La gran aportación de Rosso fue la combinación de puntos puntos de vista, de dos concepciones distintas de la estatuaria clásica y de su relación con el espectador: la que sostiene que se tiene que producir un cara a cara entre la figura representada y su observador -que sólo puede darse desde un punto de vista predecible, calculado de antemano- y la que, por el contrario, sostiene que el encuentro tiene que ser huidizo, imprevisible, que exige la participación activa del observador que, lejos de saber ya dónde ubicarse, debe desplazarse alrededor de la obra, acercarse y alejarse, hasta hallar el lugar o los lugares desde los que la figura se descubre.

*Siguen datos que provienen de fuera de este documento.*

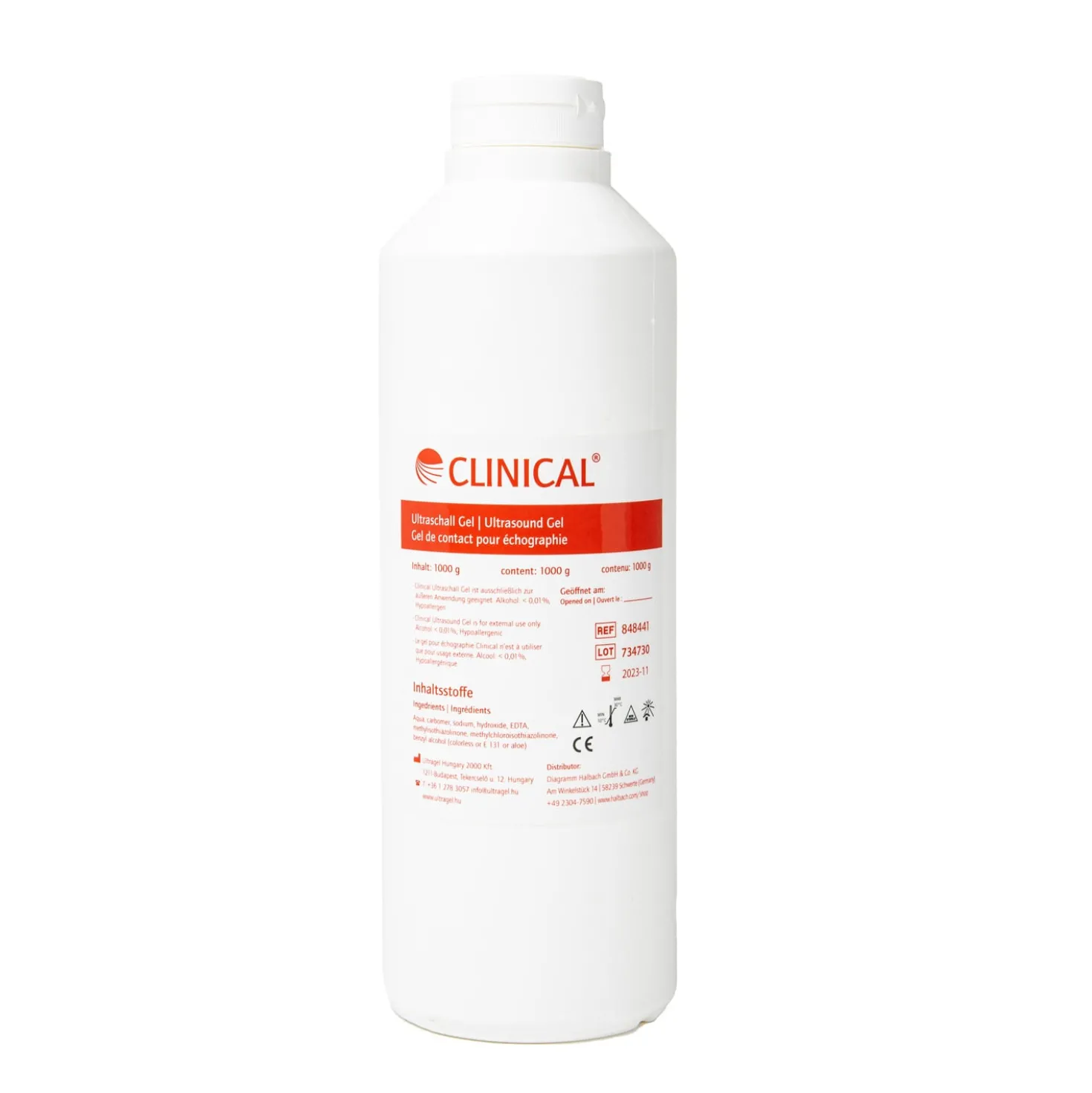 Farbloses Ultraschallgel Clinical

Seguramente Rosso fue un escultor moderno, mas no tanto o no solo por el uso de la fotografía, el juego con el espectador, la producción incesante de variantes (un procedimiento tradicional, si bien, en el caso de Rosso, no desembocaba en una única obra perfecta, sino en un conjunto de obras, ninguna de las cuales podía ser considerada una variante, pues no existía la obra completa declinada en variantes, sino que cada una era una obra única, al igual que apenas distinguible de otra), o el juego con el espacio (ineludible en la estatuaria). Tampoco el “non finito” era novedoso: se remontaba al arte del siglo XVI. El uso de la cera y el yeso formaba parte del procedimiento escultórico tradicional, aunque la exposición de estatuas de cera o de yeso, no como bocetos preparatorios sino como obras terminadas, sí era singular, aunque Rosso no dudó tampoco en recurrir a la clásica fundición de bronce. Lo más novedoso fue su interpretación y su juego con la tradición clásica, el haber sabido utilizar y combinar distintos puntos de vista, distintas tradiciones, concepciones y modos de operar, que le permitieron entroncar con el pasado sin sentirse atrapado por él. Un pasado respetado pero al que no se somete. Era cierta manifestación de libertad ante el dogma -que exigía su previo conocimiento y estudio. Una muestra de valor que supo hacer descender de su pedestal a la tradición clásica y mostrar, sorprendentemente que aún podía ser útil para manifestar la compresión de la vida moderna. Al igual que Baudelaire que no dudó en recurrir a la forma intemporal del soneto para captar la fugacidad moderna, Rosso echó mano de la estatuaria clásica para retratar vidas no heroicas y huidizas.